Collected data entries
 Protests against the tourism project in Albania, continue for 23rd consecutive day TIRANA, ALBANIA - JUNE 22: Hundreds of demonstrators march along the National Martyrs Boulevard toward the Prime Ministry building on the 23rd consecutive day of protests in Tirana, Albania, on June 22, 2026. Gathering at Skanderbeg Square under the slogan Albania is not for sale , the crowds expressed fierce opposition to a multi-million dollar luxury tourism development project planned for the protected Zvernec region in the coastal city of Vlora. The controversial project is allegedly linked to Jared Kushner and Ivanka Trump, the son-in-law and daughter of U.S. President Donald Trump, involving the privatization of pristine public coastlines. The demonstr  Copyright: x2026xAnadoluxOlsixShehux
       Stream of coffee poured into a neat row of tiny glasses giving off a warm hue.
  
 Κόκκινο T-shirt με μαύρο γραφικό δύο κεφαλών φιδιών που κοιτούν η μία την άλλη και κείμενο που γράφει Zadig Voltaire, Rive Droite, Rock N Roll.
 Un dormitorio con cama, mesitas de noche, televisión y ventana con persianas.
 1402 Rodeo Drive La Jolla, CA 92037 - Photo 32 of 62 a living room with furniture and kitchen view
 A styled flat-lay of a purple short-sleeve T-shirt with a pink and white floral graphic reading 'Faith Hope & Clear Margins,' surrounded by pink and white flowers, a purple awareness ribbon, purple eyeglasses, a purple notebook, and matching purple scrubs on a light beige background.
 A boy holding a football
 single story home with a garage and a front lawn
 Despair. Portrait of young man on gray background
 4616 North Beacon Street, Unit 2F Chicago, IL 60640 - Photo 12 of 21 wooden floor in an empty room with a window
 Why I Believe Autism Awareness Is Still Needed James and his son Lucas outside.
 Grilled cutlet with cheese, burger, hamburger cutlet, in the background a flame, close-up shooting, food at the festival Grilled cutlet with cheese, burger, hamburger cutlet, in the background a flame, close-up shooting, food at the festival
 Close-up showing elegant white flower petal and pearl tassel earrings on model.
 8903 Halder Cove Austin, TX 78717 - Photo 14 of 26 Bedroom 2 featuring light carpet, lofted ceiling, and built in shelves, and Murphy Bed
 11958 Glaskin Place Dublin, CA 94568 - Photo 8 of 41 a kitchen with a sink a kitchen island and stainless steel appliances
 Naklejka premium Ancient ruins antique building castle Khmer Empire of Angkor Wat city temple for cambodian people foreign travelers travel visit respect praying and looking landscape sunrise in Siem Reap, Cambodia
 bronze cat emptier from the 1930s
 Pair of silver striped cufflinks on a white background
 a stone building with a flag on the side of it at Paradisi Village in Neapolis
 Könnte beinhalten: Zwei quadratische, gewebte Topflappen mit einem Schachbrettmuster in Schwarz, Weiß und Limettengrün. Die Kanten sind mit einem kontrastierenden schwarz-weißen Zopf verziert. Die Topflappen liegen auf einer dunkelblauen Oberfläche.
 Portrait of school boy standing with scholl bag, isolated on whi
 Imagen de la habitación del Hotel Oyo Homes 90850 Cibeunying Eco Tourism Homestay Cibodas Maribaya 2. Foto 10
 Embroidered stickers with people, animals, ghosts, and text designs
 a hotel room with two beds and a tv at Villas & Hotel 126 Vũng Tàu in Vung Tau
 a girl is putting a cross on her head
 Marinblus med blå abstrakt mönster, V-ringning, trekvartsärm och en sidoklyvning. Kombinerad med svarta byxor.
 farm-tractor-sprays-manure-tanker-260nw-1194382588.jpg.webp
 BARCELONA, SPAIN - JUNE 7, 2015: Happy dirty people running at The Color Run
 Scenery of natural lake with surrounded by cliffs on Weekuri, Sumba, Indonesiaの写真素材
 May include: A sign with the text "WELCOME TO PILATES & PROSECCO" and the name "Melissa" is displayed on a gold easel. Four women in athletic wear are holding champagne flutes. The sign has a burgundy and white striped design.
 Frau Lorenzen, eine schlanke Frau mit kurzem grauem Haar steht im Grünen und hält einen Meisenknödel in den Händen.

■ Work task: Go through the records and show every line with the string "text" in it.

■ Expected answer:
 Embroidered stickers with people, animals, ghosts, and text designs
 May include: A sign with the text "WELCOME TO PILATES & PROSECCO" and the name "Melissa" is displayed on a gold easel. Four women in athletic wear are holding champagne flutes. The sign has a burgundy and white striped design.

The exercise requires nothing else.